It is only two months since Jakub Hrůša’s rightly acclaimed and idiomatic conducting of Leoš Janáček’s penultimate opera at Covent Garden. Now, like the proverbial London buses, here comes the same piece again (though this time calling itself The Makropulos Affair rather than the Royal Opera’s The Makropulos Case), with Simon Rattle leading two concert performances at the Barbican Hall.
Rattle’s first-night account was simply sensational. He plunged at almost manic speed into Makropulos’s compellingly exciting prelude, and barely let up for the best part of two hours, as the opera played without an interval. The fierce tension may occasionally have come at the expense of some of the lighter touches that beguiled in Hrůša’s approach. Yet Janáček’s extraordinarily deft ear for orchestral detail and harmony – like the bassoon solo announcing the central character’s first appearance – was never sacrificed. The LSO played thrillingly.

To succeed, this opera requires a commanding performance of the central role of the alchemically young diva Emilia Marty, originally born as Elina Makropulos in 1585. It got that from the German soprano Marlis Petersen. Marty is not an instantly sympathetic character, but Petersen found the emotional intelligence and vocal grandeur to make her final act transformation truly uplifting. Janáček’s writing for Marty is often cruelly exposed, but Petersen rose to every challenge. It was a performance fit to be bracketed with the most memorable Martys.

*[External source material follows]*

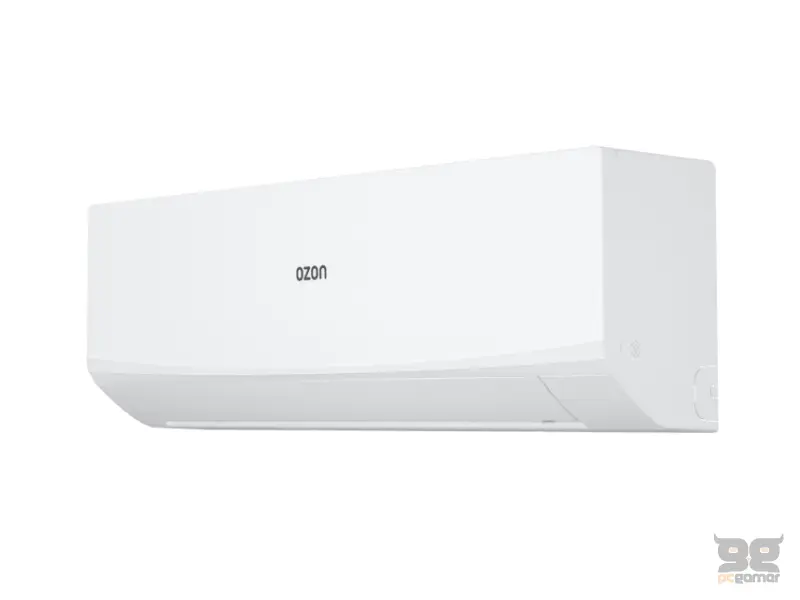 OZON S/U12AWHBM75 inverter WiFi + grijač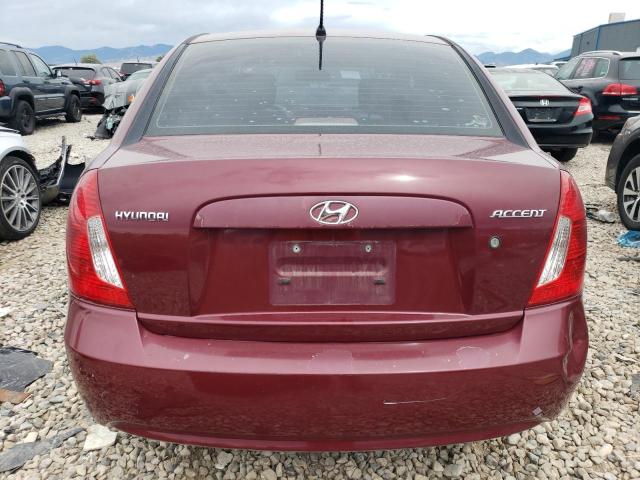 Photo 5 VIN: KMHCN46C97U141543 - HYUNDAI ACCENT GLS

It also helped that all the many minor characters were so sharply drawn. Having several of these roles taken by native Czechs brought instant authenticity and nice contrasts. If Aleš Briscein’s Albert Gregor and Vit Nosek’s Janek stood out, Jan Martiník’s Kolenaty, Svatopluk Sem’s Baron Prus and Doubravka Novotná’s Krista were in no way eclipsed. Peter Hoare was a lively Vitek, while Alan Oke effortlessly stole his scenes as the elderly Count Hauk-Šendorf.

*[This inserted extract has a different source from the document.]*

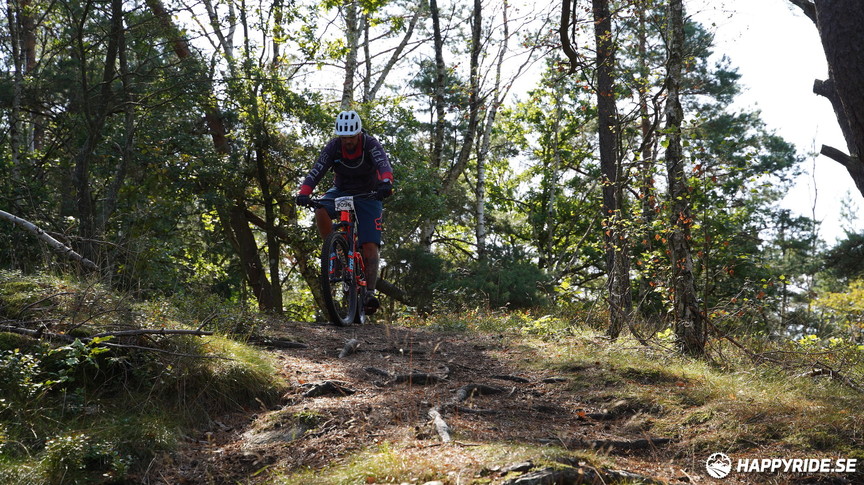 Bild från Göteborgsgirot 2021 - Bra Bil XC MTB 50KM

Tellingly, this concert version of Makropulos was able to pack more emotional impact and dramatic coherence than Katie Mitchell’s scattergun stage production in November. The story of a woman who has lived for 337 years, and finally embraces death rather than eternal life, emerged under Rattle as what Janáček surely thought it was: an intense and humane renunciation of the unattainable and tragic. A century on from the premiere in Brno, a work that was written in the shadow of first world war slaughter now felt frighteningly relevant to an era in which crazed autocrats such as Putin and megalomaniacs like Musk are seriously craving a version of the Makropulos alchemy to achieve their own immortality.